Naturalis marine biologist Jan Macher has recently earned a BEN research grant worth € 100,000.-. He will be using it to study very small organisms that live in sandy beaches.
The Biodiversity-Ecology-Nature grants are awarded by the German Bauer-Hollmann Stiftung, which is a part of research funder DSZ. This grant allows postdoctoral researchers to work for two years on research involving the North or the Baltic Sea. Macher will use it to study the so-called meiofauna in North Sea beaches.
Meiofauna
“Meiofauna” is the term used for life that is small - smaller than 1mm, typically - but not quite microscopic. In a traditional study of beach meiofauna, what you basically do is you dig up a bit of sand, and then sieve it. In your sieve is now a whole zoo of tiny little animals, from very different groups: worms, little crustaceans, tardigrades and many more. Telling the animals from even one group apart is a specialized job, and doing all of them is very difficult indeed. Which is where Macher’s plan comes in: he will use the DNA and RNA in the sand to tell what species are in there and how they react to different environmental conditions. “Molecular tools like barcoding and metabarcoding can tackle this issue by allowing detection of species based on genetic features”, Macher says.
Ecological monitoring
That’s important, because the meiofauna have diverse ecological features, short generation times and rapidly respond to environmental change. That makes the animals very suitable for ecological monitoring of sandy beaches.

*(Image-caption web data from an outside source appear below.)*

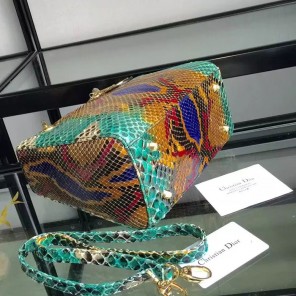 Lady Dior Bag Python leather D1655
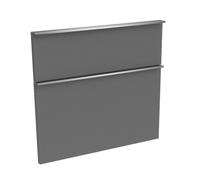 evineo ineo4 Façades de tiroirs de meuble bas 80 cm, pour système de tiroirs Hettich, 2 tiroirs, pour poignées baguettes, BL000454,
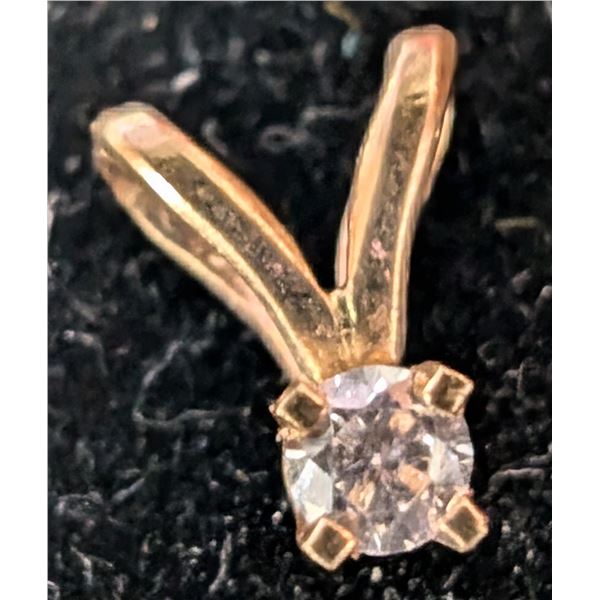 14K LAB DIAMOND (0.05CT) PENDANT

Macher’s international project has two main aims: to assess the biodiversity of sandy beach meiofauna of the southern North Sea in the Netherlands and Germany, using both morphological and molecular methods. It will also identify the main environmental drivers that shape species richness, distribution and molecular functional diversity of meiofauna in sandy beach ecosystems on small and large geographic scales. Macher: “This project will pave the way for the use of meiofaunal communities for ecological monitoring of sandy beaches, a task that is urgent in times of global change and sea level rise.”